Your task -> Every record below must come back exactly as written, with the images dropped.

*** Opening Data in this exercise ***

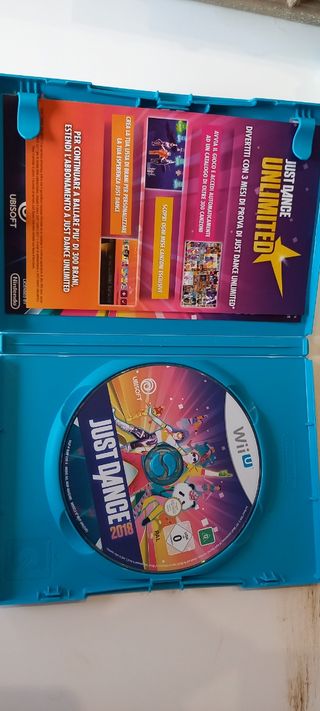 juego Wii U "just dance 2018"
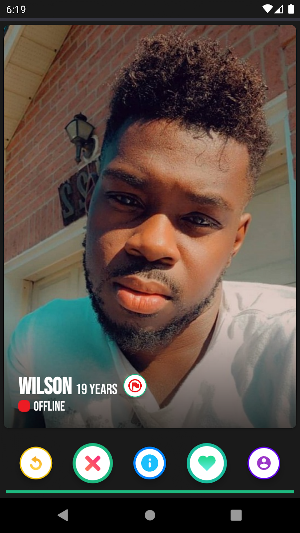 Angola Dating | Chat Meet Love Screenshot 3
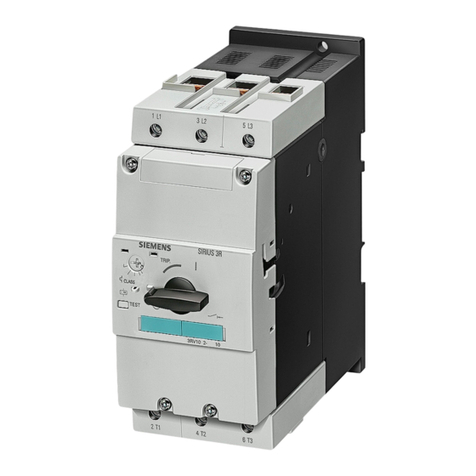 Siemens SIRIUS 3RV1.4 User manual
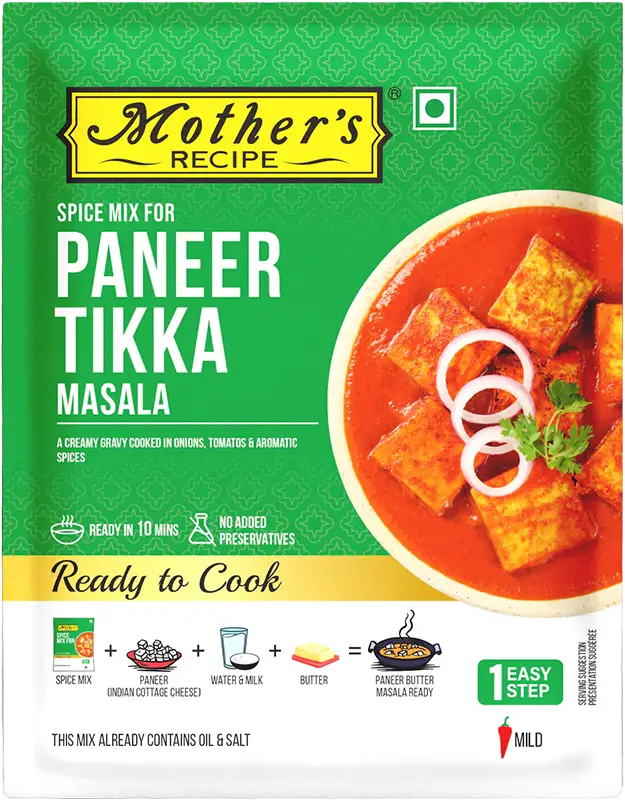 Mother's Recipe Paneer Tikka Masala Spice Mix 60Oz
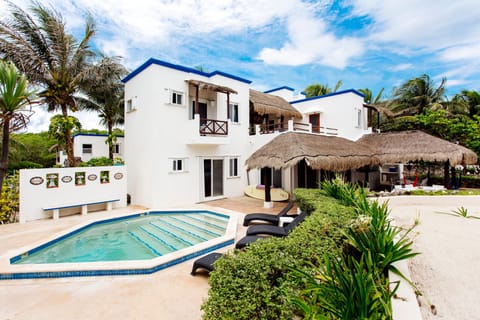 Beachside Pool and Palapa Area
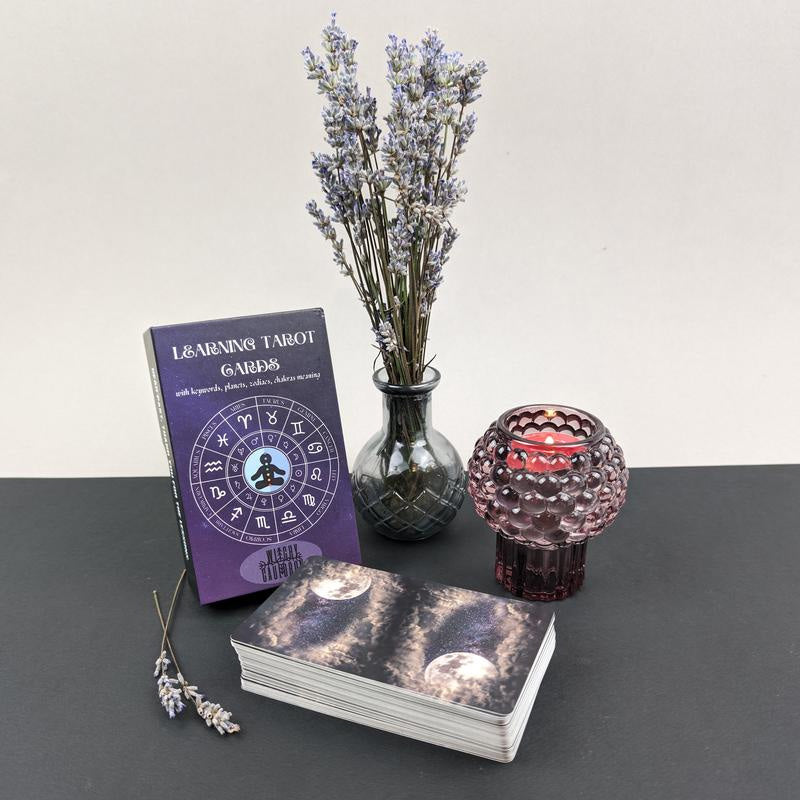 Learn Tarot Card Deck with Meanings on It | Kalsten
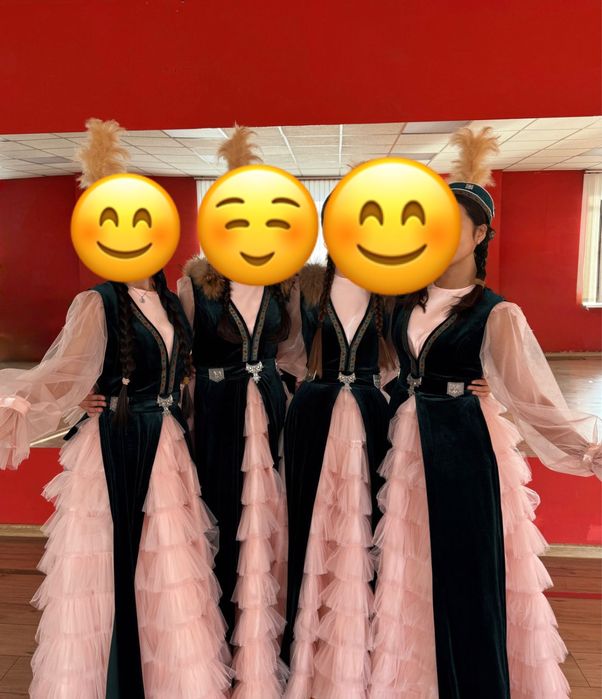 Продам национальное платье красивое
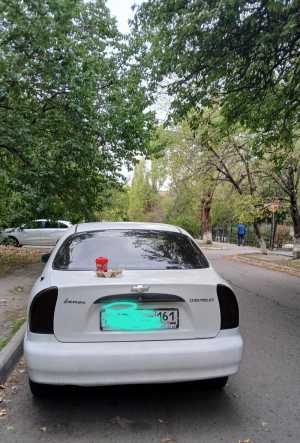 Chevrolet Lanos, 2008
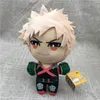 Cute Japan anime My Hero Peripheral Anime Characters Cartoon Plush Clip Doll Pendant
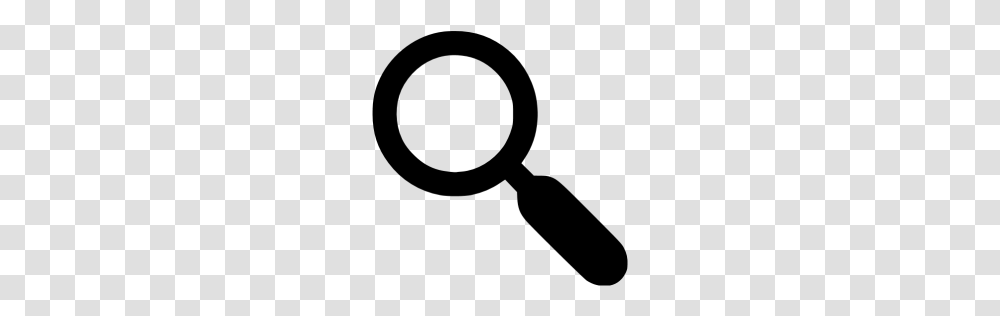 Black Search Icon, Gray, World Of Warcraft Transparent Png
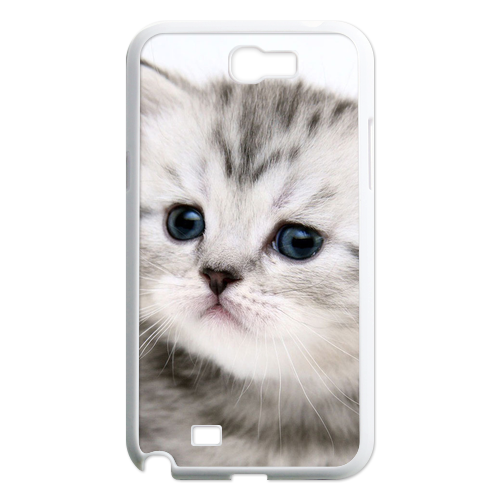 the surprise cat Case for Samsung Galaxy Note 2 N7100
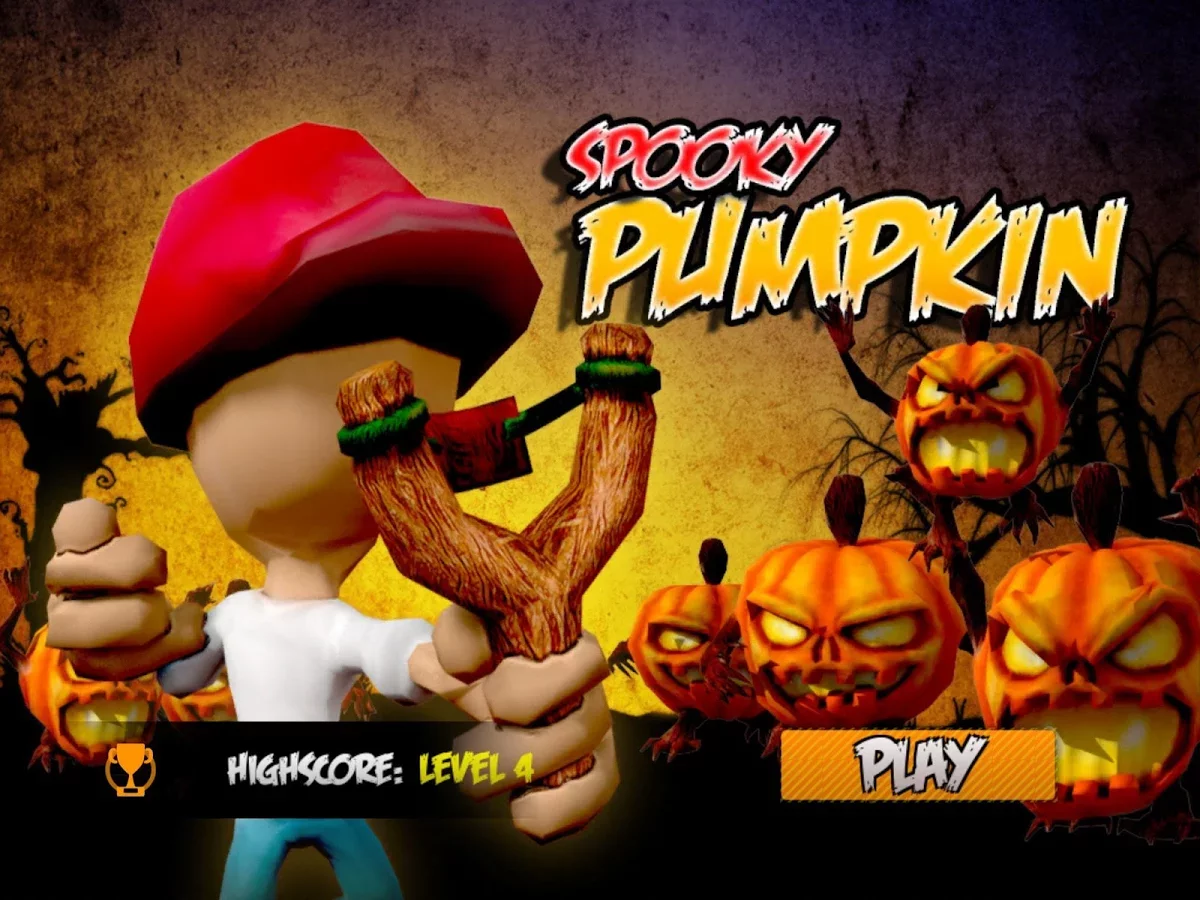 Spooky Pumpkin截图2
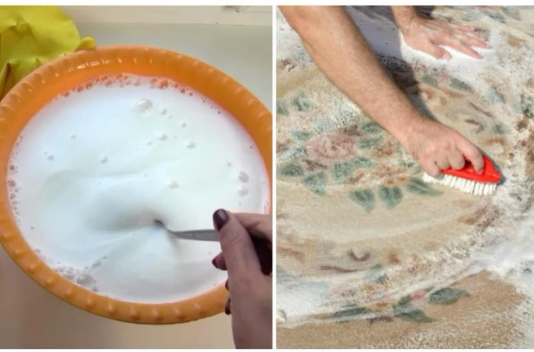 Evo jednog fantastičnog kućnog trika za čišćenje tepiha koji će vas oduševiti!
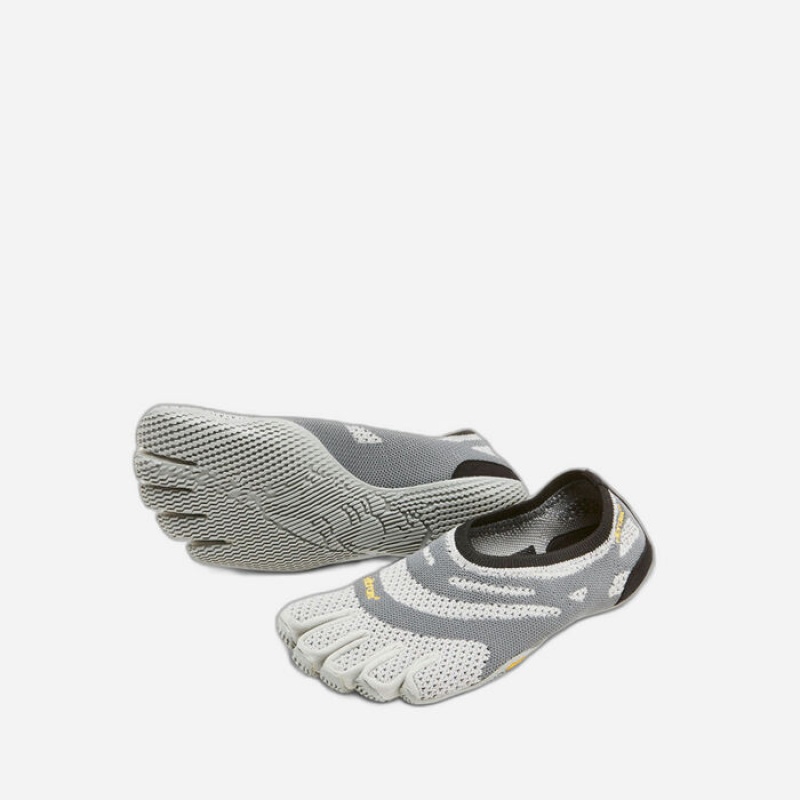 Vibram EL-X Knit Scarpe Training Donna Grigie | 5318-RDTGJ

*** Closing Data in this exercise ***

Answer space ->
 juego Wii U "just dance 2018"
 Angola Dating | Chat Meet Love Screenshot 3
 Siemens SIRIUS 3RV1.4 User manual
 Mother's Recipe Paneer Tikka Masala Spice Mix 60Oz
 Beachside Pool and Palapa Area
 Learn Tarot Card Deck with Meanings on It | Kalsten
 Продам национальное платье красивое
 Chevrolet Lanos, 2008
 Cute Japan anime My Hero Peripheral Anime Characters Cartoon Plush Clip Doll Pendant
 Black Search Icon, Gray, World Of Warcraft Transparent Png
 the surprise cat Case for Samsung Galaxy Note 2 N7100
 Spooky Pumpkin截图2
 Evo jednog fantastičnog kućnog trika za čišćenje tepiha koji će vas oduševiti!
 Vibram EL-X Knit Scarpe Training Donna Grigie | 5318-RDTGJ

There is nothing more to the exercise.